### EXERCISE:
Where a line of the listing below includes the word "sitting", reproduce that line.

### LISTED ENTRIES:
Segment Open

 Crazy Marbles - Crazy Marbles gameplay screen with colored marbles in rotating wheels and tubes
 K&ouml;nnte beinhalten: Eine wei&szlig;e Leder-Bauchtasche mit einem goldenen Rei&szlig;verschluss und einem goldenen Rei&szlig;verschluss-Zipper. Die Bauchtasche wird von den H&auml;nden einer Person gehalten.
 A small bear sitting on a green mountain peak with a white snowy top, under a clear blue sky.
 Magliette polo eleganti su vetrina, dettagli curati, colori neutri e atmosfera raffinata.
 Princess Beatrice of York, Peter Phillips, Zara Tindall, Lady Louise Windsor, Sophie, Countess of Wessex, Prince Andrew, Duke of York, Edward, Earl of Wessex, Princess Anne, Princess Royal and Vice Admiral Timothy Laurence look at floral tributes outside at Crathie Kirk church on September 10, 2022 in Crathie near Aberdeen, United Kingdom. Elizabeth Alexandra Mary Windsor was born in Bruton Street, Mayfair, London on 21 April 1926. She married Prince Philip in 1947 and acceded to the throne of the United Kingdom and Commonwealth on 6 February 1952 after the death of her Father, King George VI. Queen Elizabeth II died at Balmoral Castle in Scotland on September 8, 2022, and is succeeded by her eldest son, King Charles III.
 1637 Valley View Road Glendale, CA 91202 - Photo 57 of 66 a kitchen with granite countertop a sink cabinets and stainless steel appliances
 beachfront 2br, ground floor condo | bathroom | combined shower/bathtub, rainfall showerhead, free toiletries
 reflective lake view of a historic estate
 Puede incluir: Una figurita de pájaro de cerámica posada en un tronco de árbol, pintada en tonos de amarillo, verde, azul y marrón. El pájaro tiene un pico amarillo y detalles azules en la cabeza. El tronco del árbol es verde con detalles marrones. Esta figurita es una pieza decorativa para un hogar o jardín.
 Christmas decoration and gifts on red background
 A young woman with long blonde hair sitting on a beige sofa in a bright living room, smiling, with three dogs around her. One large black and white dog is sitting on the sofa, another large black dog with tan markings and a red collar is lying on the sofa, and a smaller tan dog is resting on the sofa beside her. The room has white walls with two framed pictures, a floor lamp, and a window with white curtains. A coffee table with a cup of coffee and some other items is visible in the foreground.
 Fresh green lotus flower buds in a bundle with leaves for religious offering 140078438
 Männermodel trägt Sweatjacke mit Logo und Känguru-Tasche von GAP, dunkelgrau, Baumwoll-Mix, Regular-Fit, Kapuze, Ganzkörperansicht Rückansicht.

Segment Closed

### ANSWER TO THE PROBLEM:
 A small bear sitting on a green mountain peak with a white snowy top, under a clear blue sky.
 A young woman with long blonde hair sitting on a beige sofa in a bright living room, smiling, with three dogs around her. One large black and white dog is sitting on the sofa, another large black dog with tan markings and a red collar is lying on the sofa, and a smaller tan dog is resting on the sofa beside her. The room has white walls with two framed pictures, a floor lamp, and a window with white curtains. A coffee table with a cup of coffee and some other items is visible in the foreground.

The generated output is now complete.